Almost two months ago some of my Facebook friends started challenging me to name ten influential books that have stayed with me.  I ignored these challenges because I’ve been reading books for 60+ years of life, 19+ years of school, and 30+ years of teaching literature.  It was just too overwhelming to pick ten books on short notice and have it mean anything significant at all.

I did give it some thought, though, and here are my ten books.

1.        Alice in Wonderland.  My parents read this book to me before I could read it for myself.  More than any other children’s book it stirred my imagination and stoked my love of literature from an early age.  I even remember having childhood dreams that sprang from the characters and episodes of this children’s fantasy.  Only later did I come to appreciate the adult themes.

2.       Silver Pennies (http://www.amazon.com/Silver-Pennies-Collection-Modern-Poems/dp/B0037A5UFK).  I remember spending hours as a child poring over this children’s poetry collection, memorizing poems, reciting them, acting them out, even taking notes in the margins.  This little book did more to stimulate and develop the early love of poetry that has stayed with me to this day.

3.        Emily Dickinson’s Poetry.  Having been introduced to Emily Dickinson’s poetry in Silver Pennies, I went on to read her collected poems in depth, mesmerized by both the style and content.  Many of the poems were cryptic riddles, but that only whetted my appetite for the joy of analyzing and interpreting literature, as well as enjoying its sensory and psychological pleasures.

4.       The Adventures of Huckleberry Finn.  I read this in ninth grade English at my all-white high school in Lynchburg, Virginia, where schools were still segregated in 1960.  Having learned about the civil rights movement at the family dinner table, where my father frequently held forth on the evils of racism, Jim Crow, and segregation, I was struck by the bond between Huck, the runaway white orphan, and Jim, the runaway black slave.  Later I came to understand the racist elements of the novel, but at the time I was most impressed by the possibilities for interracial friendship and loyalty.

5.       To Kill A Mockingbird.  I read this novel in tenth grade English at the same white high school and have never forgotten the lesson in social inequality and injustice based on race.  My class at E. C. Glass High School was the last all white class to graduate from the school, as it was integrated in my senior year.

I look back in amazement that I read both these books in a segregated high school in the South at the height of the civil rights movement, and, as we studied these novels, we never once had a classroom discussion of how they related to the history unfolding around us.

6.       Catcher in the Rye.  As a teenager I was captivated by Holden Caulfield’s raw adolescent honesty and aversion to adult “phoniness.”  Although I was fairly conformist in those days, I had a secret admiration for the misfits and rebels of society that has stayed with me to this day.

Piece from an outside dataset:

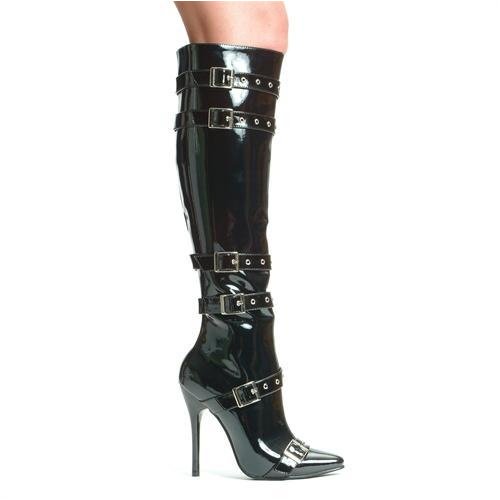 Deals 5 Inch Sexy High Heel Boot Single Sole Knee High Boot With Buckles And Inner Zipper Size: 9 Colors: BlackPatent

7.       The Sound and the Fury.  More than anything this novel embodies my sense of southern regionalism, especially in the multiple voices of characters that seemed to echo members of my own family.  Though I have now lived longer outside of the South than in it, I still carry with me that underlying burden of Southern history—the loss, the guilt, the love and loyalty, the shame, as well as the enduring sights, sounds, smells of the South—its food, its climate, its landscapes, its flora and fauna, its accents, all of which are bound to my earliest memories.

8.       The Marble Faun.  Despite my roots in the South, I learned to love the literature of 19th century New England and the mid-Atlantic, going on to write my Master’s thesis on Henry James and my doctoral dissertation on Nathaniel Hawthorne.  The theme of Americans in Europe, the Old World and the New World, has always drawn me in, and in none more hauntingly than The Marble Faun, in which New England Puritanism and Old World Catholicism are strongly bound up together in ways that have led me to an abiding interest in history, religion, philosophy, human psychology, and ethics.

9.       Nature.  When I renounced my Southern Baptist upbringing I rejected religion in general.  My World and English History professor in college did succeed in sparking my interest in Anglicanism, but it was Transcendentalism that really made an impact.  This book-length essay by Ralph Waldo Emerson transcends all Christian denominations and all world religions to achieve a kind of religious philosophy or philosophical religion that eventually led me to Unitarian Universalism.  In addition, while most philosophers would laughingly dismiss Emerson as a philosopher, I think his writings show how philosophy and literature can meet and merge.

10.   Moby Dick.  My love of both literature and philosophy makes me a sucker for the philosophical novel or novel of ideas.  This novel is the ultimate smorgasbord of adventure, drama, poetry, comedy, tragedy, allegory, symbolism, psychology, religion, and philosophy, all somehow tied together by unforgettable characters, an unforgettable narrative, and an unforgettable epic style.


Creating this list has accomplished exactly what I thought it would—made me painfully aware of all I have left out.  So many books that have made me who I am, enriched my life, and opened my eyes to worlds beyond my own paltry experience.

Saturday, November 5, 2011

The Adventures of Huckleberry Finn III

Race? Gender? Sexuality? I’ve even read studies of Huck Finn on social class, arguing that the novel critiques the high and the low, but not the middle. These historicist and cultural studies focus on what divides us. There’s nothing wrong with them, but do they tell the whole story? Is there a dimension of Huck Finn that brings us together? Does the novel have a universal significance that transcends social categories?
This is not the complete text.